Source data —
-*-

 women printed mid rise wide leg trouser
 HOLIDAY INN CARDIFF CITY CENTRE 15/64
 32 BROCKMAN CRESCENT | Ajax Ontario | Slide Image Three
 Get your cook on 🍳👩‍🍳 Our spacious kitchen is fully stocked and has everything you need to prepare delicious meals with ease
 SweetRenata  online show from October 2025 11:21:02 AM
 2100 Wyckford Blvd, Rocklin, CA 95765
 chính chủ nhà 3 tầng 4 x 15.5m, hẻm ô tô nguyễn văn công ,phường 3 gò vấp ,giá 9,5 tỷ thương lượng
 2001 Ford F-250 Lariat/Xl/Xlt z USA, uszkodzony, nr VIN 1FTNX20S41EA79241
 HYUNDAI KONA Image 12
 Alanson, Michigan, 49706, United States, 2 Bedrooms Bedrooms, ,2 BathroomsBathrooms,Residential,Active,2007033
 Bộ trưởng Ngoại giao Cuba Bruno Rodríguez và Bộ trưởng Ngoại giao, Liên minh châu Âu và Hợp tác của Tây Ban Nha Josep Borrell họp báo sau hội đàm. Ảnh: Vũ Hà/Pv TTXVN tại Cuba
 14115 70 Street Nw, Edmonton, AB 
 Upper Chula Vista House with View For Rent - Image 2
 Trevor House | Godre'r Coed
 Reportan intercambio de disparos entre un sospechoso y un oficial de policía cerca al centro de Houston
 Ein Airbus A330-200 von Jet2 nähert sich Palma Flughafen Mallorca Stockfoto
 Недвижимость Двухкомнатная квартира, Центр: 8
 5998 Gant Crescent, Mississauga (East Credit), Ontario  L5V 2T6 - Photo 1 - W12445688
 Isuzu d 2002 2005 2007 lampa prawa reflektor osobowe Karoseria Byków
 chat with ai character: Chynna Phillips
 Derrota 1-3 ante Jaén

-*-

TO DO — Exactly the lines from the one containing "Isuzu d 2002" through the final line of the records must appear in your reply, and no others.

TASK SOLUTION —
 Isuzu d 2002 2005 2007 lampa prawa reflektor osobowe Karoseria Byków
 chat with ai character: Chynna Phillips
 Derrota 1-3 ante Jaén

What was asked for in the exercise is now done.